Wuhan has been the target of a glitzy PR campaign that is attempting to frame the city's return as a 'rebirth'. Children were welcomed back to schools in a highly staged event recently. Furthermore, remarks made by Chinese officials during the aforementioned corporate tour event indicated that the Chinese authorities were trying to sell the idea that Wuhan was one of the few places on earth where it was possible to be mask free. Wuhan city authorities have made multiple attempts to sell this narrative with press-ops that show confident factory workers going on about their day without any thought for wearing a mask or any kind of face covering. Of course, as one may expect, all is not as rosy as it is being portrayed. The citizens of Wuhan are afraid. They are afraid that they are being used as a PR set piece that sacrifices their safety for China saving face internationally. Caution and restraint is an unpleasant sideline to the new campaign of 'reborn' China and the authorities have been careful to keep such narrative out of foreign media coverage that is being done on the ground.
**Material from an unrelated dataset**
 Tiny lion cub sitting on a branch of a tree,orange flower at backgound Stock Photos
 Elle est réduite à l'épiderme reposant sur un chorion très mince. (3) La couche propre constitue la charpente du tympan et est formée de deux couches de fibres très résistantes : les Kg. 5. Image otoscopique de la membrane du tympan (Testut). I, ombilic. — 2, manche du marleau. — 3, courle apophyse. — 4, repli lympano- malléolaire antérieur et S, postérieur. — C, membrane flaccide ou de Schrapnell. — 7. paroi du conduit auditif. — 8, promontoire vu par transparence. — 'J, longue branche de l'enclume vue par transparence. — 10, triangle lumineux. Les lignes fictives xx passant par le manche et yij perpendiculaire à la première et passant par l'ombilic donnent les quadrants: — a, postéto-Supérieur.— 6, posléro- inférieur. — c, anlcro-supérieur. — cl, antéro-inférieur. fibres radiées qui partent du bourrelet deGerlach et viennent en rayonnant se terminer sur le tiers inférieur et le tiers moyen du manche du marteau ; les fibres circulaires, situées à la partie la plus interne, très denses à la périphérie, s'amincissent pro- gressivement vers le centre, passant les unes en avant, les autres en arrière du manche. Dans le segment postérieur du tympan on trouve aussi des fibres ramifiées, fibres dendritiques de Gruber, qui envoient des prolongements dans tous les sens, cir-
Many outlets such as Reuters have reported that security teams have generally kept reporters from asking too many questions of locals or hang about the wet markets. All this goes in tandem with Chinese efforts to keep the Wuhan markets out of the ambit of investigations over the source of the virus. While growing scientific consensus has stated that Wuhan may not be ground zero, China's campaign of theatricality and subterfuge ends up only fueling rumours that it has something to hide.